Na pierwszy ogień idą Targówek, Wawer, Praga Północ i Praga Południe. Od tych dzielnic urzędnicy zaczną inwentaryzację tak zwanych kopciuchów. Miasto chce policzyć najbardziej szkodliwe dla środowiska piece w prywatnych budynkach. Przy okazji ich mieszkańcy dowiedzą się, że likwidując nieekologiczne źródło ciepła mogą liczyć na finansową pomoc miasta.
- W stolicy dysponujemy dokładną wiedzą o "kopciuchach" w budynkach komunalnych, natomiast potrzebna jest uzupełniająca inwentaryzacja w prywatnych budynkach mieszkańców - podkreśla Dominika Wiśniewska z wydziału prasowego ratusza.
Jak podliczyła w styczniu "Gazeta Stołeczna", powołując się na dane pozyskane z urzędów dzielnic przez organizację Warszawa bez Smogu, pod koniec roku 2018 w stolicy było 1422 należących do miasta mieszkań ogrzewanych paliwem stałym, czyli głównie węglem i jego tanimi pochodnymi.

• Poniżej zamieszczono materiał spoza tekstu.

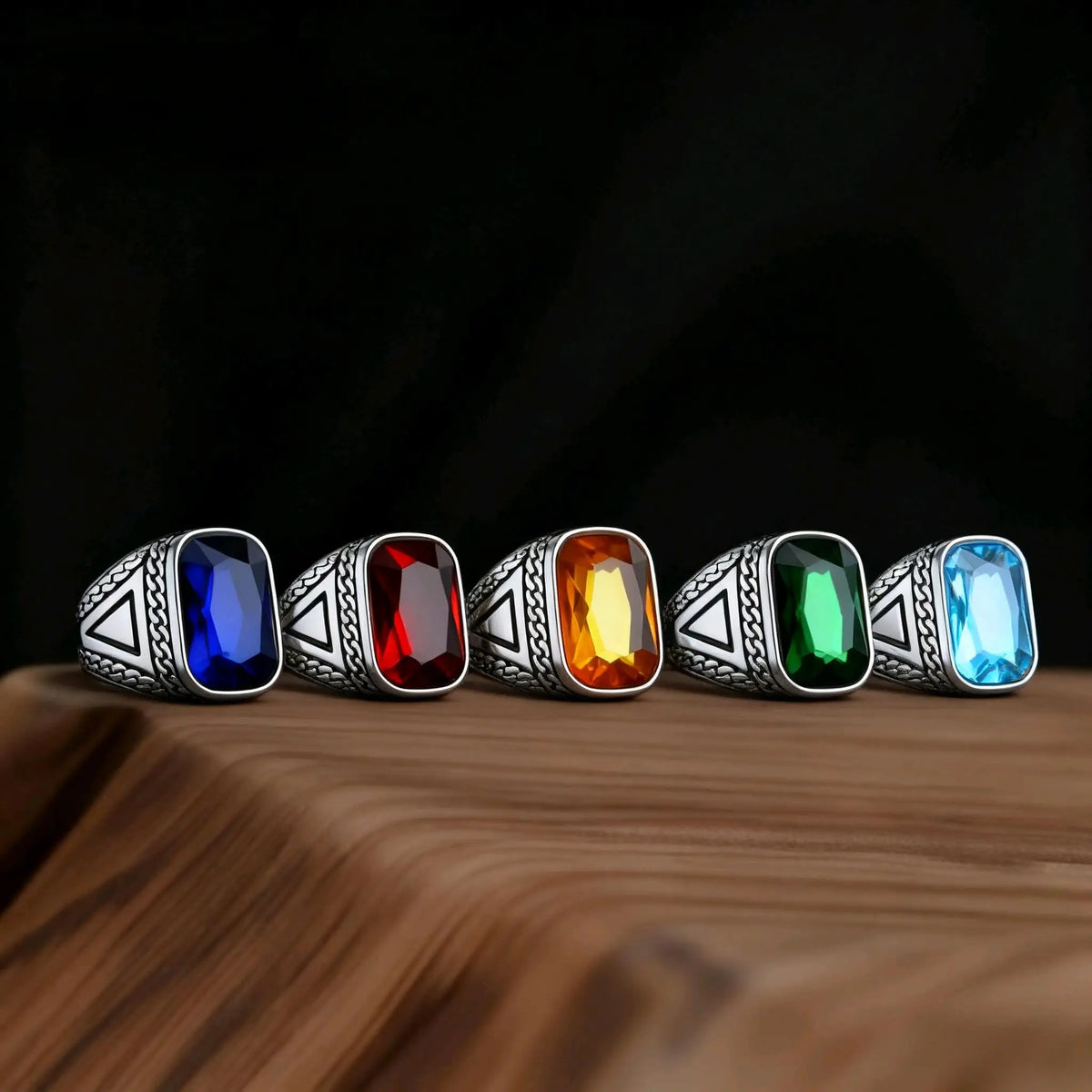 Anillo Sello Delta · 15 Piedras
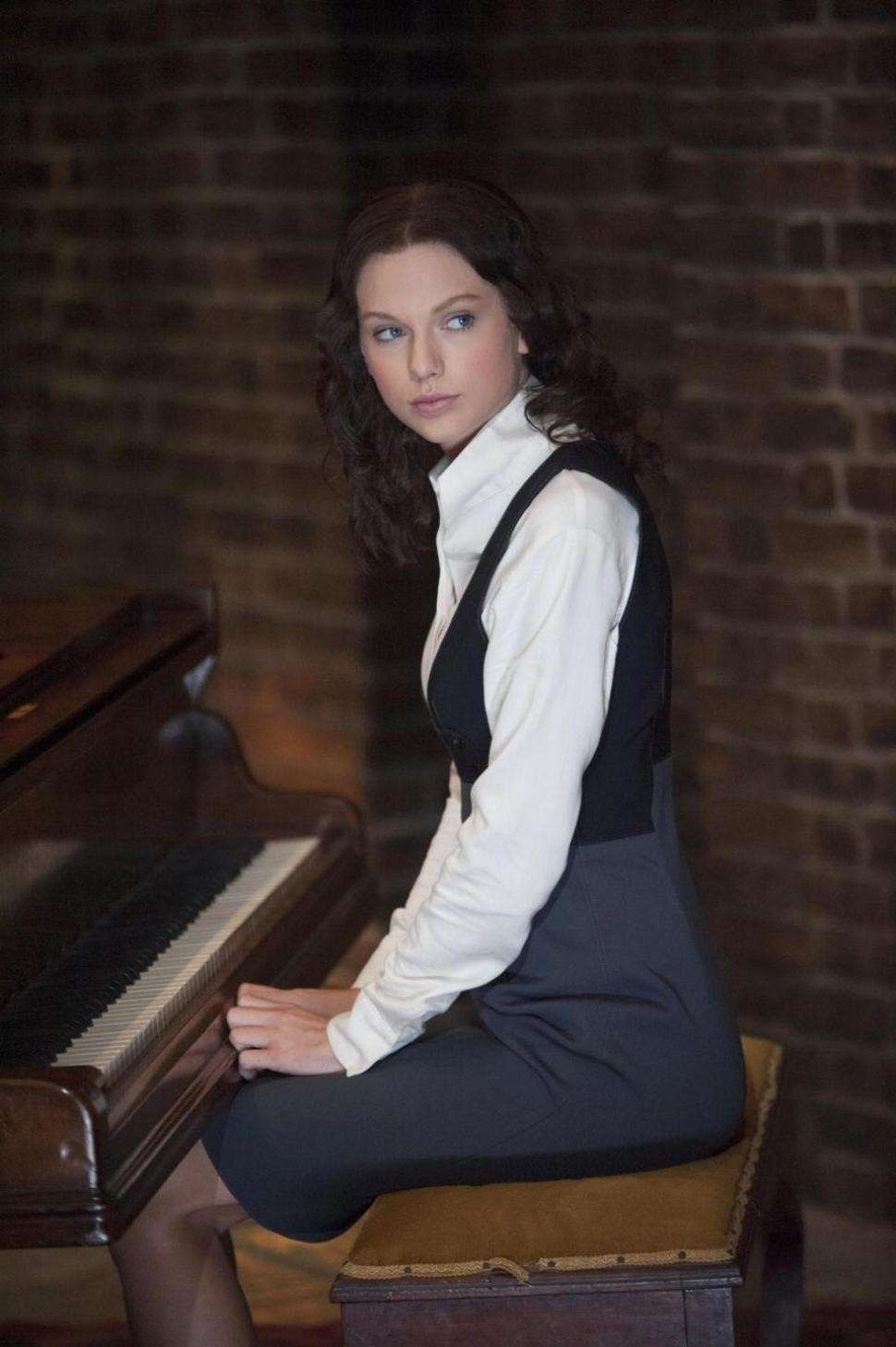 Taylor Swift in The Giver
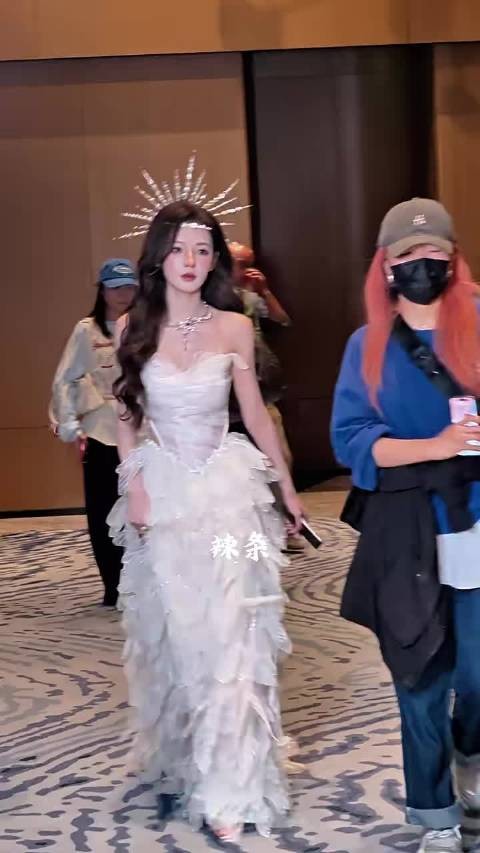 白裙女神张予曦,美神降临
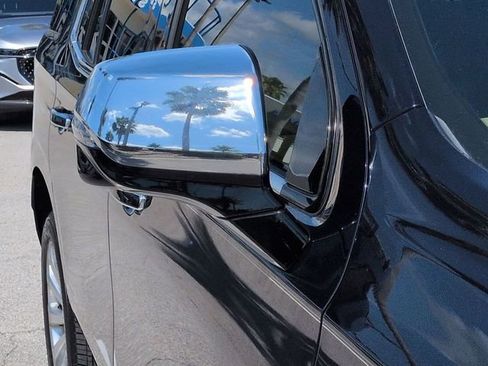 Used 2021 Chevrolet Tahoe Premier AWD/4WD image 12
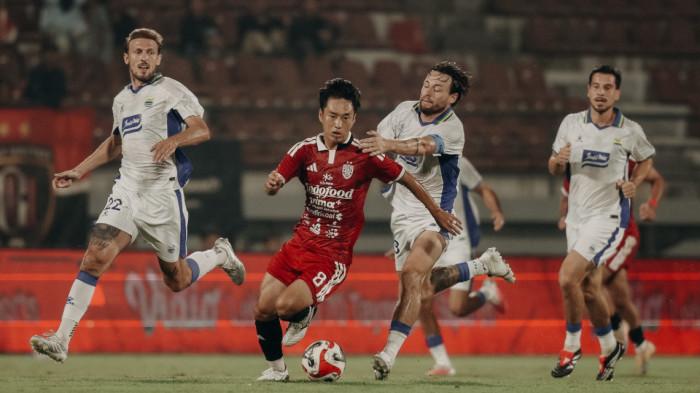 Aksi gelandang Bali United asal Jepang, Teppei Yachida saat melawan Persib Bandung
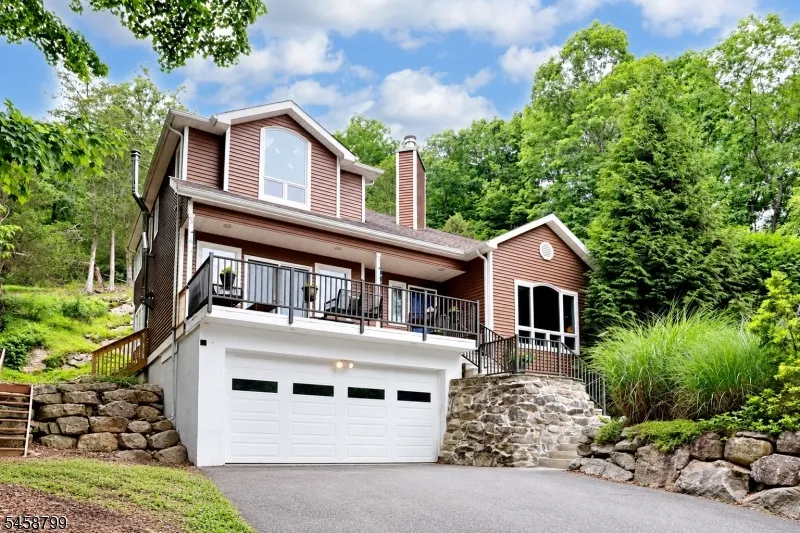 121 Magee Rd Ringwood, NJ 07456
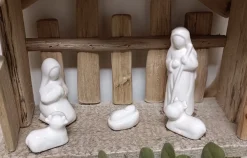 Dream-Living Kerststallen></noscript>Houten Kerststal - 6 Delig Keramiek Naturel/Wit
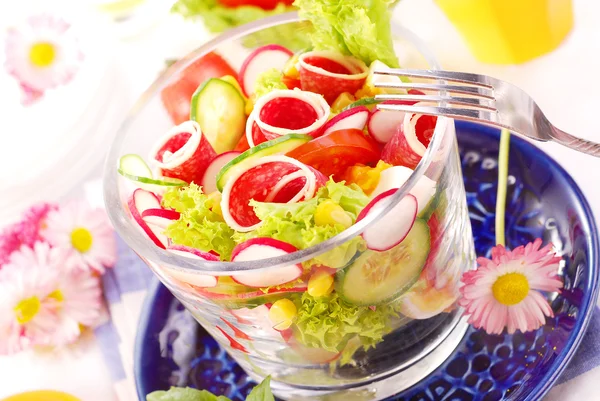 Свежий салат с салями — стоковое фото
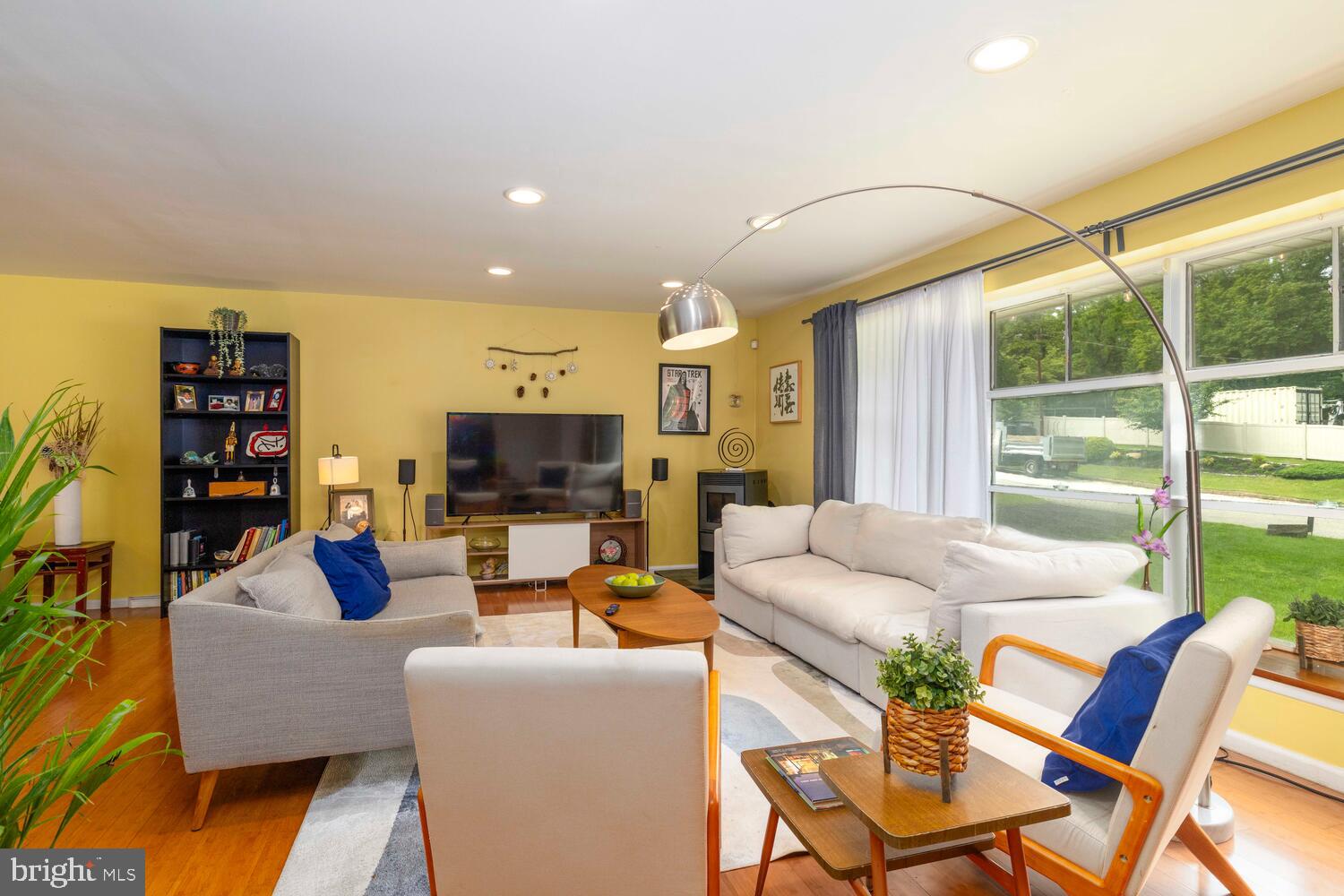 1030 ROCK CREEK DRIVE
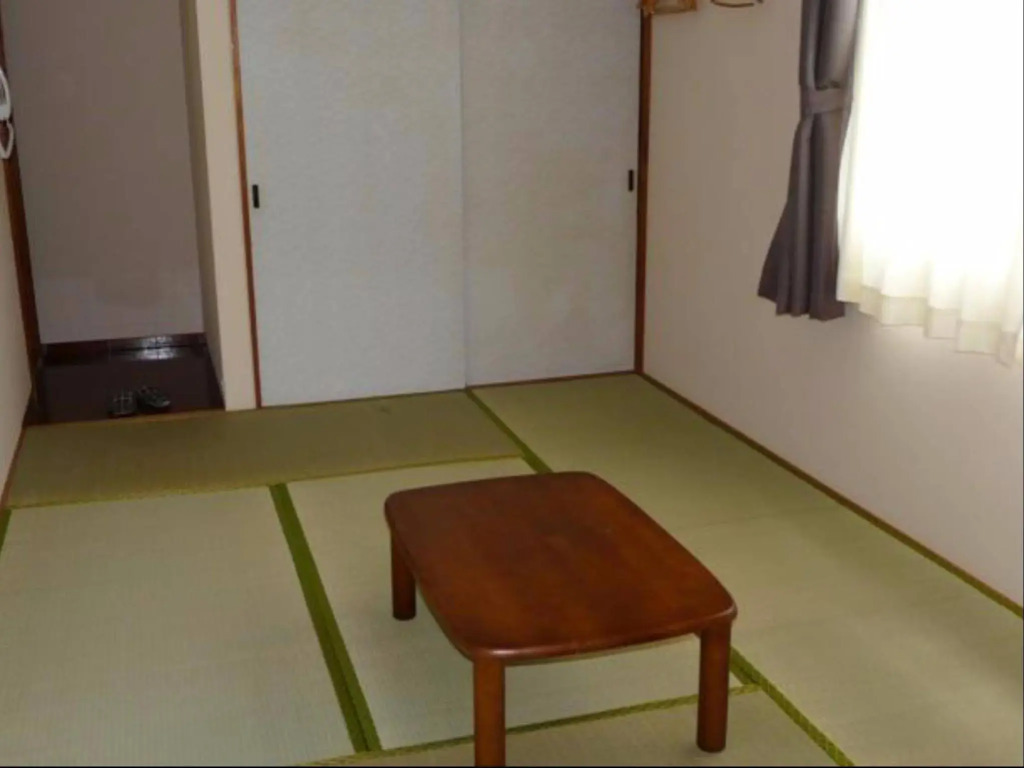 Pension Ressha House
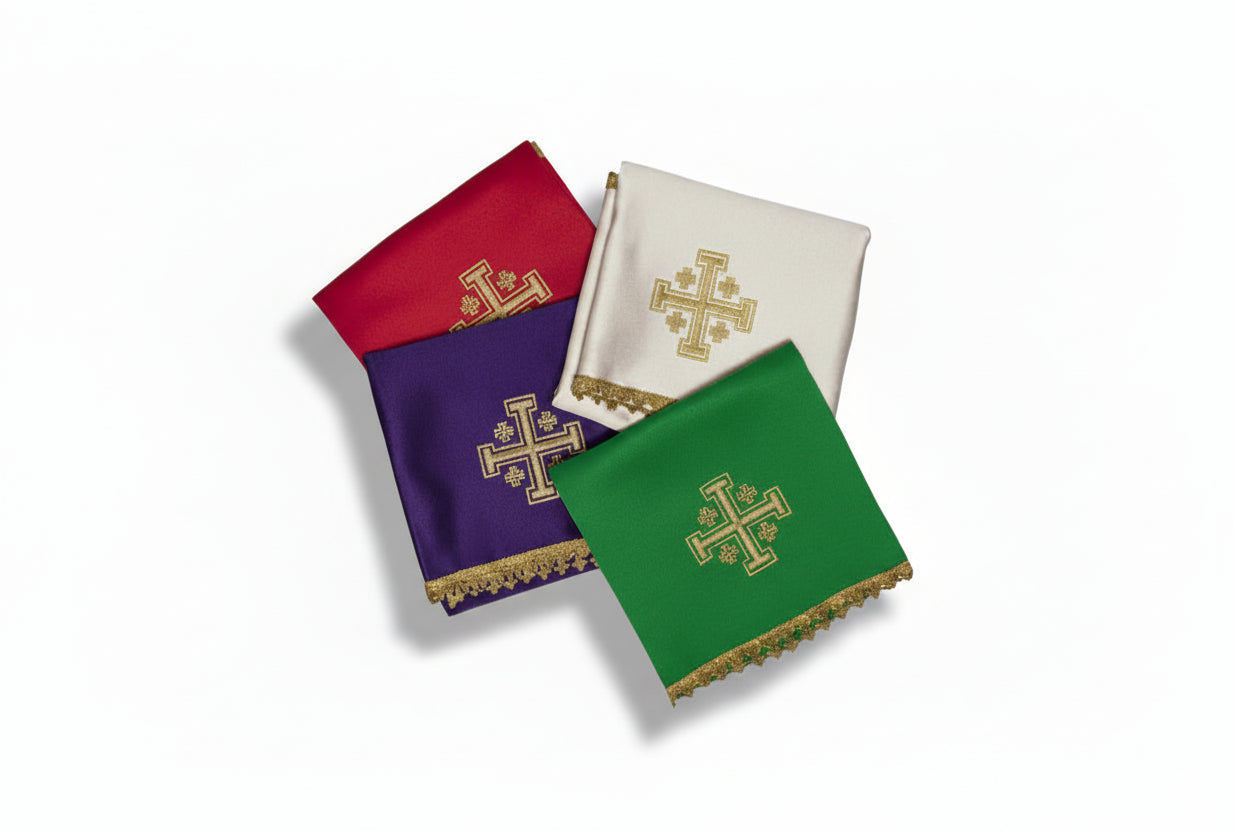Juego 4 colores cubre cáliz con bordado Cruz de Jerusalén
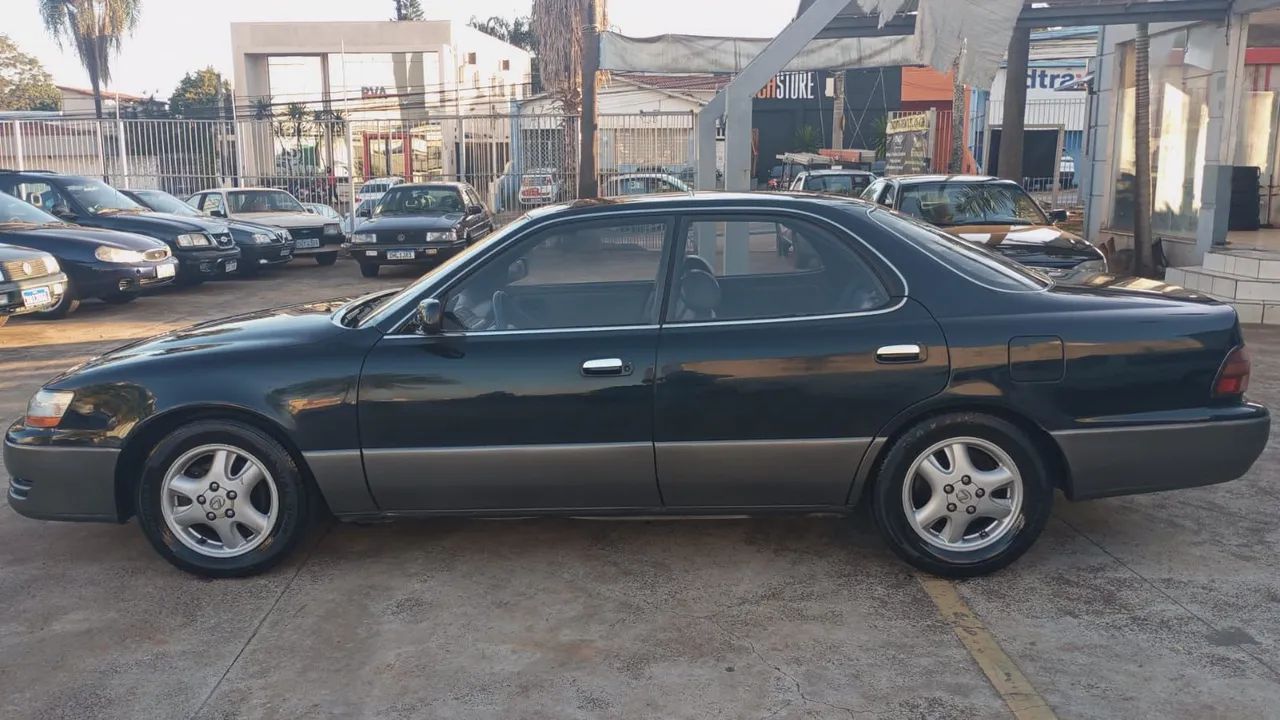 Lexus ES-300 3, foto 8 de 20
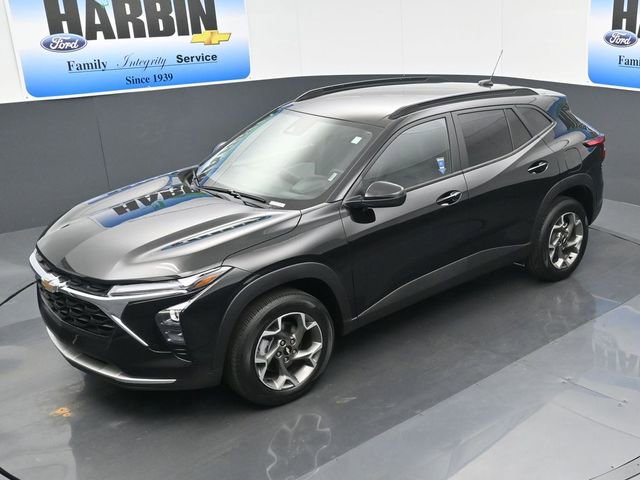 Used 2025 Chevrolet Trax LT w/ LT Convenience Package image 23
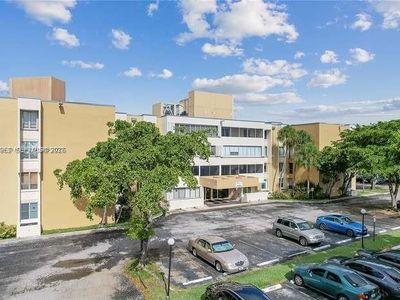 6901 SW 147th Ave APT 2E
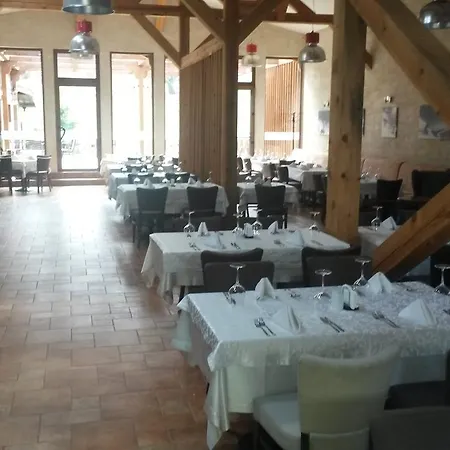 Paradiso * בנסקו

Ale to czubek góry... węglowej. Bo "kopciuchy" dymią także z prywatnych mieszkań. Miasto spróbuje je policzyć, na początek, pilotażowo weźmie na celownik piece w czterech dzielnicach: Pragę Północ, Pragę Południe, Targówek i Wawer.
Jak tłumaczy Wiśniewska, urzędnicy zaczęli od tych miejsc, ponieważ domyślają się, że tam nieekologicznych pieców jest najwięcej. Chodzi także o perspektywy przyłączeń lokali do sieci gazowej lub ciepłowniczej.
Włączą się kominiarze i strażnicy
Miasto prowadzi terenową inwentaryzację źródeł ogrzewana wspólnie z przedstawicielami dzielnicowych Zakładów Gospodarowania Nieruchomościami oraz firmy Veolia (właściciela warszawskiego systemu ciepłowniczego). - Wiąże się z tym zachęcanie mieszkańców do wymiany "kopciuchów" na rzecz przyłączenia do sieci ciepłowniczej oraz informowanie ich o dotacjach na ten cel, które można pozyskać z budżetu Warszawy - informuje Dominika Wiśniewska.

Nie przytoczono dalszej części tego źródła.